Echo Lakes

52 miles from Bell Tower. Many easy miles.                                                   MAP

Echo Lakes is a busy place. This scenic oasis, a few miles in from Highway 50, usually has a parking problem due to its popularity with the many cabin owners, the chalet/store, and the PCT trailhead to miles of trails further into the Desolation Wilderness. It is the easiest access into the Wilderness, which is only 5 miles in from the trailhead, but many people enjoy the trail in towards the boundary also. There is a water taxi available from the marina to the upper end of the lakes that shortcuts 2.5 miles of the trail along the east side($$).

Directions: Drive 46 miles east on Highway 50 to the Johnson Pass Road, it goes left half a mile to Echo Lakes Road where you go left again for another .9 miles to park in the larger, upper parking lot, not the temporary parking down at the lake.

The trail north starts at the Echo Lake Dam near the information kiosk with wilderness permits (for day use only) if you plan to make it that far. Overnight wilderness permits must be obtained at either Pacific or Placerville Ranger stations or online.

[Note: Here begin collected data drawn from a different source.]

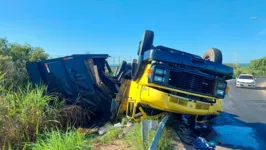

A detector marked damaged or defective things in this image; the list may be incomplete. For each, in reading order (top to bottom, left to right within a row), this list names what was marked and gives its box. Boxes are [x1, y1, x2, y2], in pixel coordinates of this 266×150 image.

overturned truck [26, 29, 234, 127]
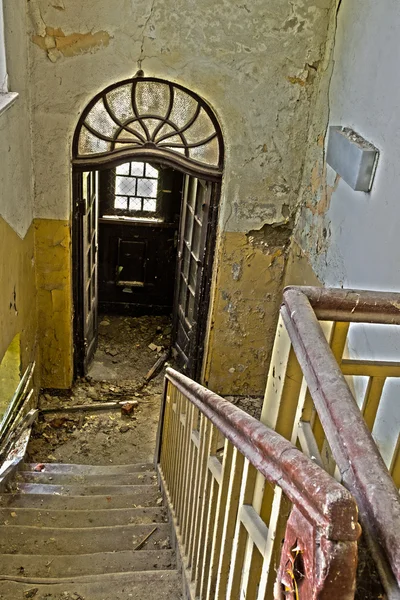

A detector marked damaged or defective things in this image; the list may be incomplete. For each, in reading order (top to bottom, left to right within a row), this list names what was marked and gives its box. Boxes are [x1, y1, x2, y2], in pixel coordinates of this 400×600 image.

peeling paint wall [0, 2, 37, 380]
cracked wall surface [25, 0, 334, 394]
peeling paint wall [26, 0, 336, 392]
peeling paint wall [290, 0, 400, 466]
rusty handrail [166, 368, 360, 540]
rusty handrail [282, 284, 400, 584]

This trail is popular because it starts at higher elevation than most trails into the wilderness making it easier, and the scenery is awesome. The trail also has connections to many other trails in the wilderness or out to Fallen Leaf Lake and Lake Tahoe.

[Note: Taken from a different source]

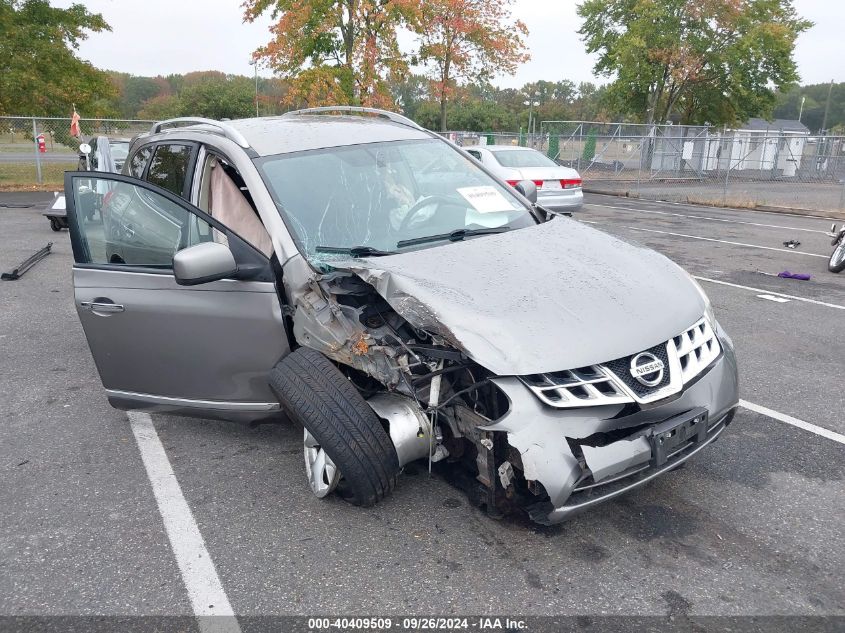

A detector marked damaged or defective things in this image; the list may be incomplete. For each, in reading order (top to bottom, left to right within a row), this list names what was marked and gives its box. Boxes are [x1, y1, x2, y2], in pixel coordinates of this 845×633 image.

The main Pacific Crest Trail going south leaves south from the upper parking lot. It takes you 1½ miles to Highway 50 where you could also park to hike south. (see map).

History: Echo Lakes is near the old Johnson Pass, a route you can still drive as a road today. Indians for many years used to meet near the pass for trading. The Washoe from Lake Tahoe area would meet with the Sierra foothills Maidu or Southern Nisenan. Once Hawley’s Grade was finished in 1858 wagons could finally make the grade without block and tackle. A tunnel was built to divert Echo waters into the South Fork American River, rather than its natural flow into Lake Tahoe. The California miners wanted water almost as much as gold.